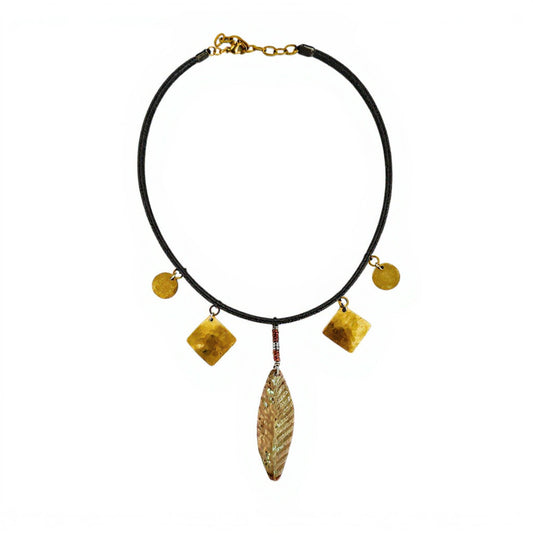 ETCHED BRASS LEAF & BLACK VEGAN LEATHER CHOKER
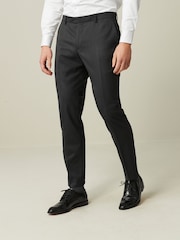 Charcoal Grey Slim Fit Wool Blend Suit Trousers - Image 1 of 9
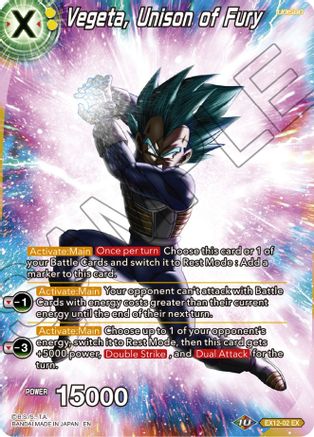 Vegeta, Unison of Fury (EX12-02) - Theme Selection History of Vegeta Foil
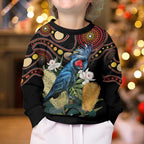 Australia Palm Cockatoo Kid Ugly Christmas Sweater Aussie Banksia - Aboriginal Pattern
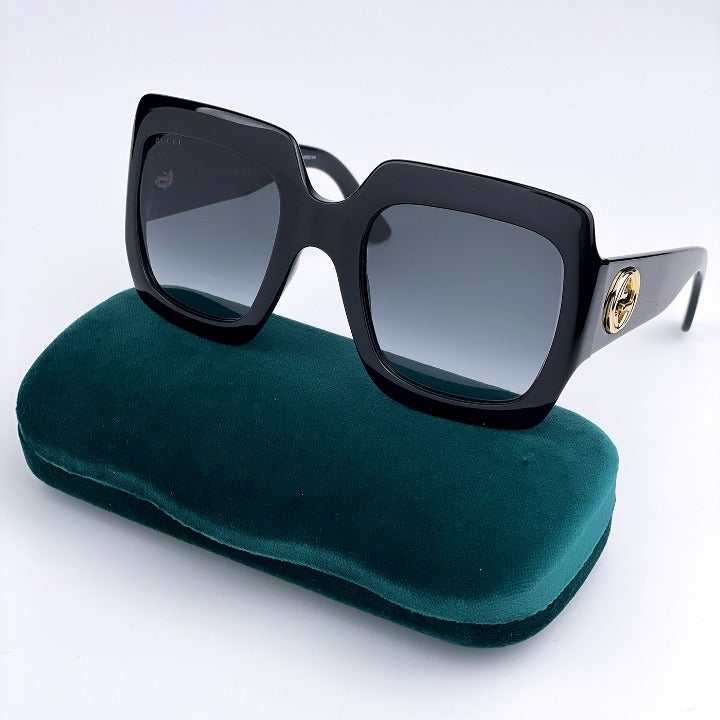 NEW Gucci GG0053SN 001 Black Gray Oversized Square Gradient Sunglasses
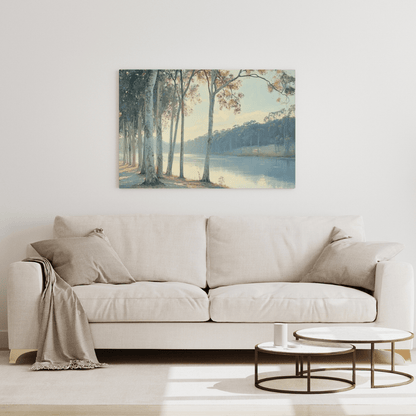 Riverside Morning Walk - Landscape Wall Art - Aestheticanvas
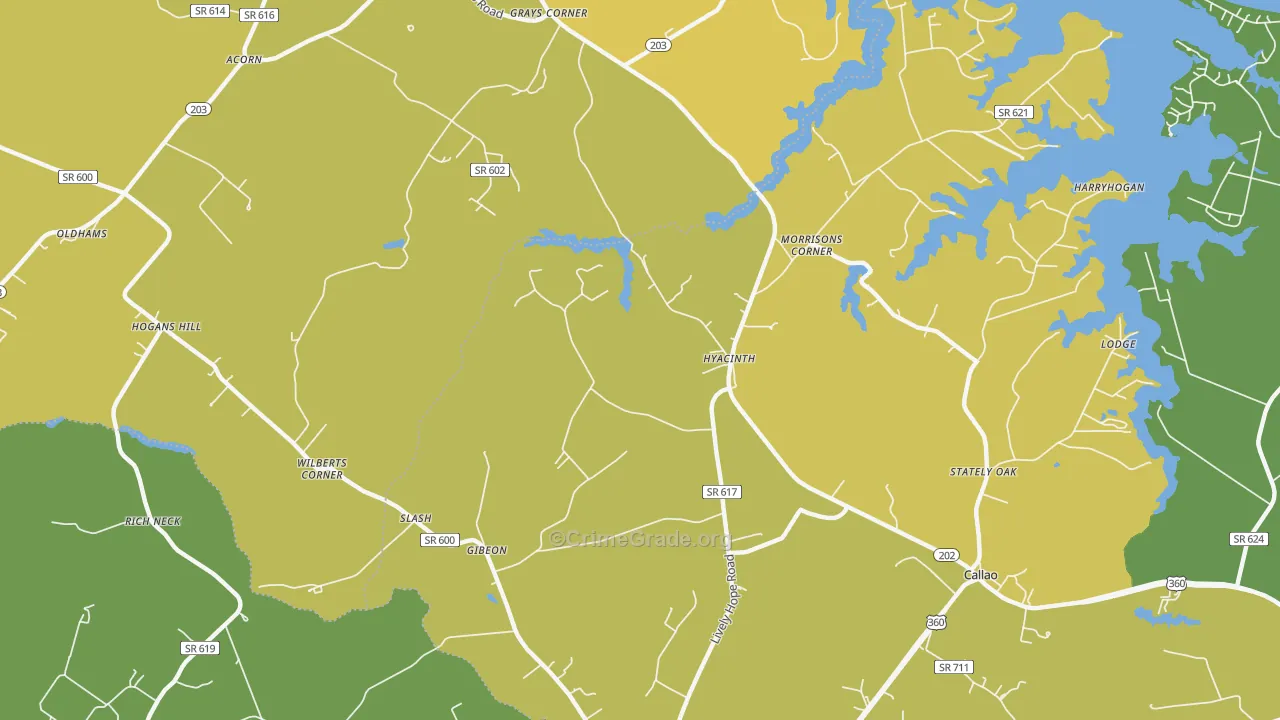 Hyacinth, VA Map of Vehicle Theft Rates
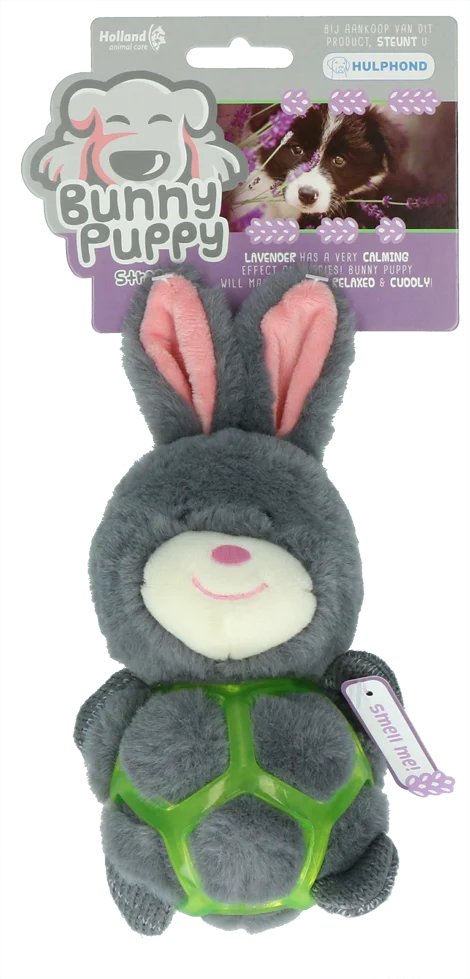 Jucărie de pluș pentru câini în formă de iepure, cu chițăitoare – Bunny Puppy Strappy - imagine 1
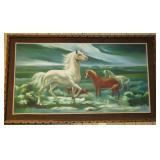 Vintage Horses Oil Painting Artist Signed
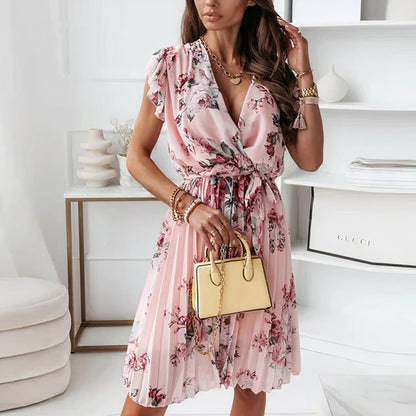Dames Bloemenjurk Zomer Midi Jurk Floral Print - StudioMarella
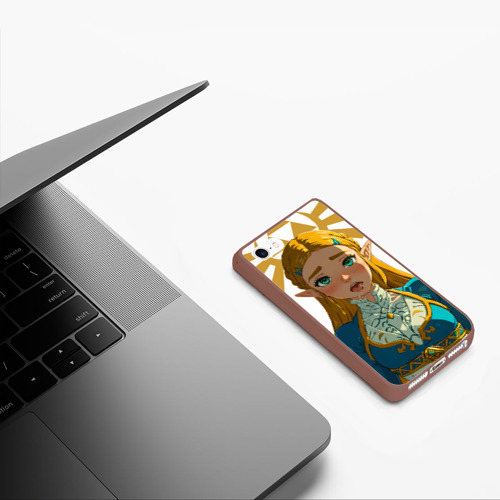 Чехол для iPhone 5/5S матовый The legend of Zelda - ahegao, цвет коричневый - фото 5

● WHAT YOU ARE ASKED TO DO: Set down, word for word, only the lines running from the line with "Dames Bloemenjurk Zomer" through the final line of the entries above, omitting all pictures.

● ANSWER:
Dames Bloemenjurk Zomer Midi Jurk Floral Print - StudioMarella
 Чехол для iPhone 5/5S матовый The legend of Zelda - ahegao, цвет коричневый - фото 5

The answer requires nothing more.